Poor herder! He would likely have nightmares for the rest of his life. And guilt, for having survived when his village did not.
Of course, other wildlife would be at the grain as soon as fear was overcome by hunger. She didn't begrudge sharing the grain with the creatures of woods and fields. With this unnatural Winter holding the countryside fast, life was going to be hard on the wild things.
With that accomplished, she stood in the middle of the building, swaying on her feet in a kind of daze until she came to herself and realized that she was exhausted. With a shake of her massive head, she considered her surroundings, decided that it was as good a place to den up as any, and lumbered over to a straw-filled corner to curl up for a nap.
When she woke, the sun shining at an angle in through the wrecked door; it was late afternoon.
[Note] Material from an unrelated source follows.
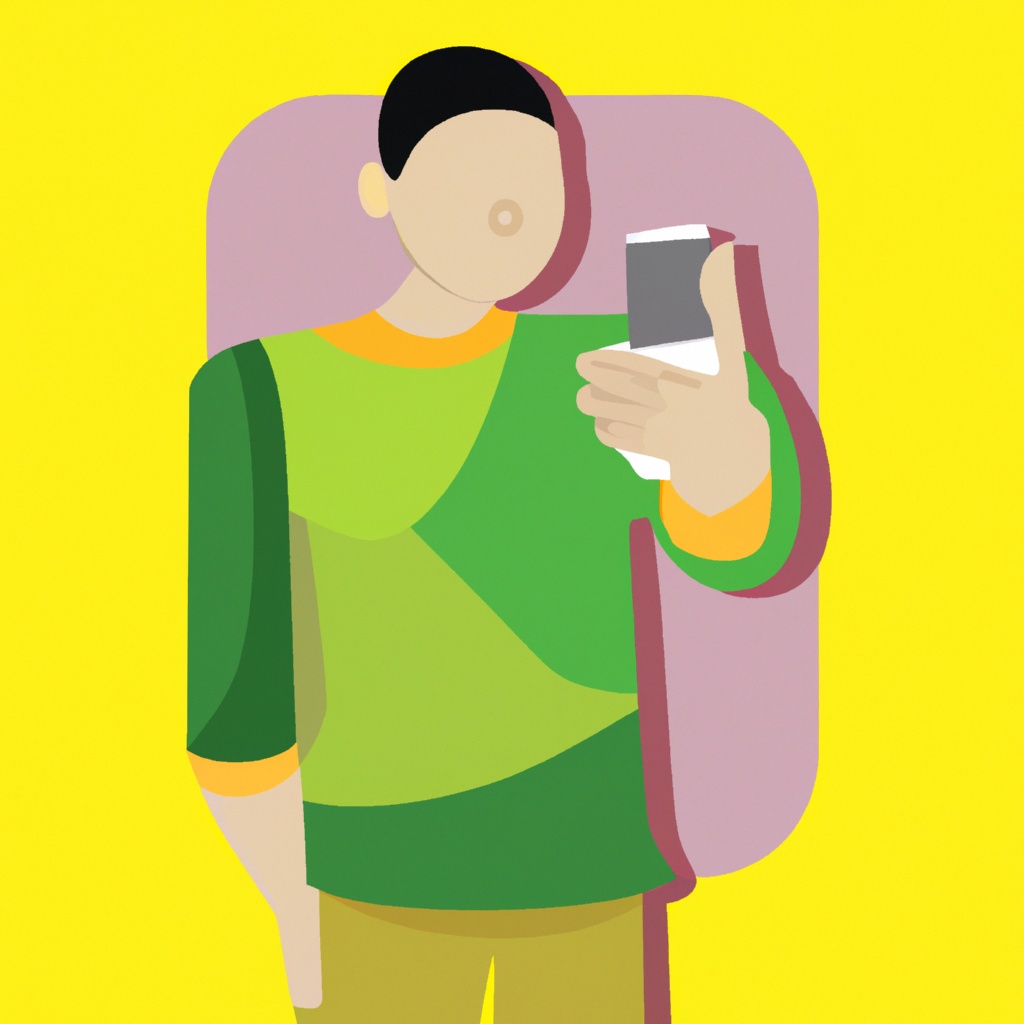 The benefits of using a free temporary phone number for verification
She made a good meal on a frozen goat, and lumbered out to the edge of the village. She ate snow to clear her nose and mouth and cleanse them of any other scent, then stood very, very still, breathing slow, deep breaths with her eyes closed.
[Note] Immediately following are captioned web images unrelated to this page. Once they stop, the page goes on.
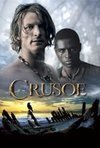 Subtitrare Crusoe - Sezonul 1 (2008)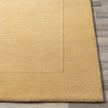 Surya Mystique M-345 Rug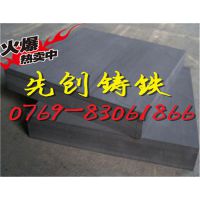HT350/췽/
There. Human. But fresher scent than the rest. She opened her eyes to discover her head had swung to the right. Still taking the scent in, she followed it until she found what she was looking for.
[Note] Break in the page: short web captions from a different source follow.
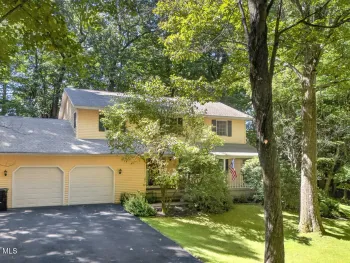 Property at 8 Seneca Drive, Poestenkill, NY 12018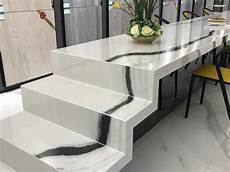 Landscape Marble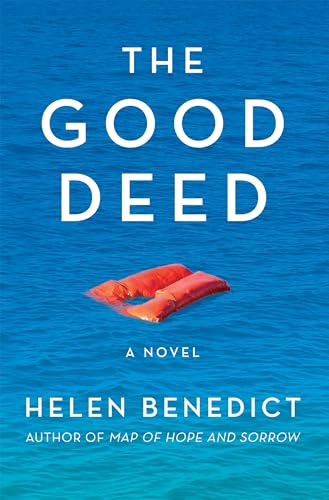 Red Hen Press
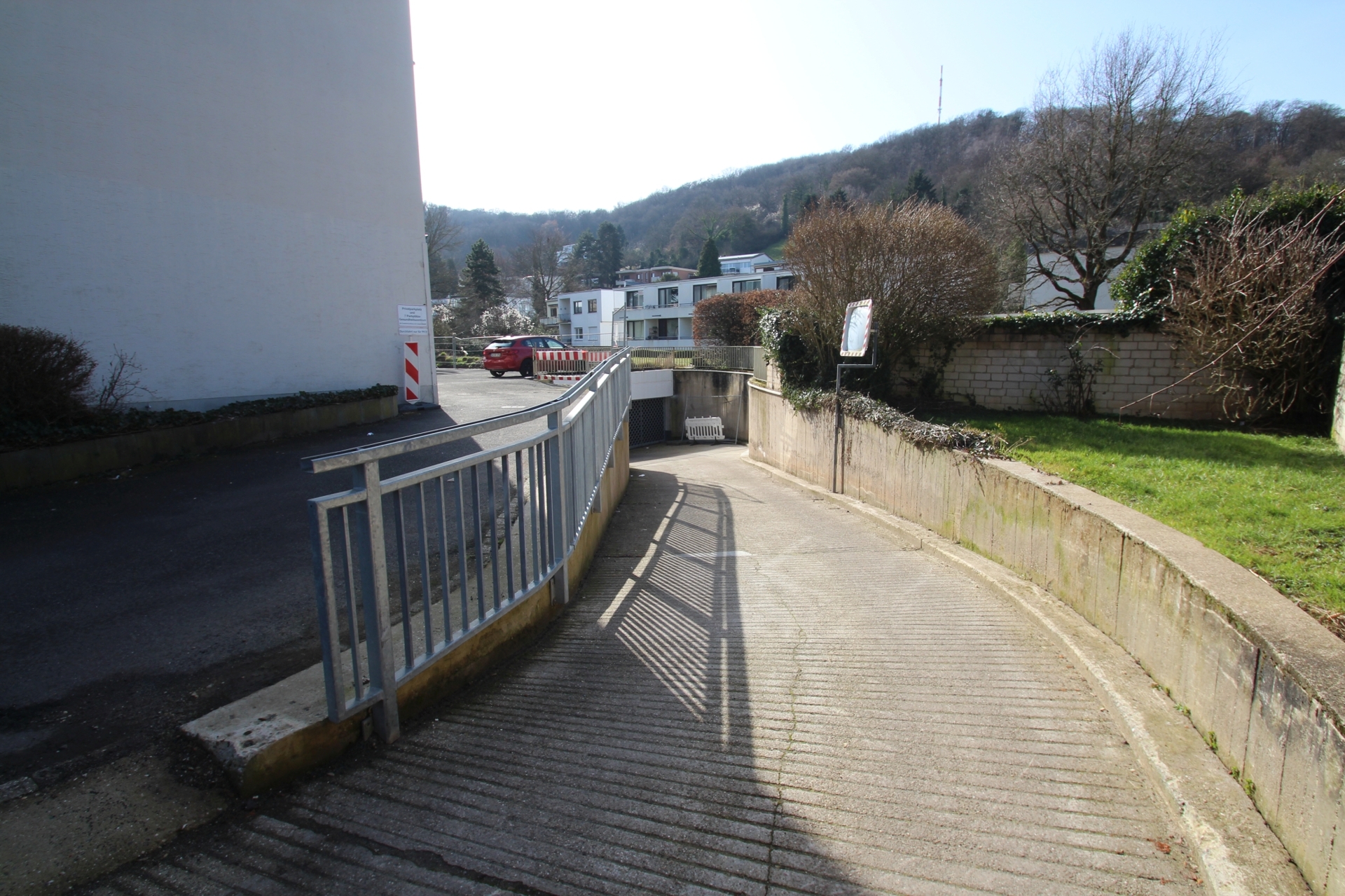 Property thumbnail 30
A human would never have seen it, not unless he was an expert tracker. Beneath the cover of new-fallen snow, the faintest of depressions. Footprints. She snuffled, and concluded with satisfaction that there were three different scents there. It could only be the men that she hunted.
She went back to where she had left her harness and pouch, and pawed and wriggled until she got the harness around her head and over her shoulders. Then she returned to where she had found the scent. With her head down, she began to track it.
She was, of course, not as good as a dog would be. But a Bear was not at all bad at following scent, and this was a Bear's nose with a human mind behind it.
She followed the trail, shuffling along with the Bear's clumsy, and deceptively slow-looking gait, past sunset, past moonrise and on into the night. She felt good — well-rested, with a full belly — and there was absolutely no reason to stop now. A Bear's eyes were not very good, so traveling at night was not exactly the problem it would have been for a creature that depended more upon sight. And as for the danger of attackers — there wasn't much that would be foolhardy enough to attack something as large and powerful as she was, not this early in the Winter. Later, perhaps, when wildlife began to starve, she would have been in danger from wolf packs. But not now, and not as long as there were frozen dead things back in that village. The only danger she was in would be from human hunters, and the only human hunters there would have been out here were all back in that village — dead. Well, there was the possible danger from this Icehart, whatever it was…but so far, its chosen victims all seemed to be humans; the animals it had slain were simply the unfortunate creatures that shared space with its intended victims.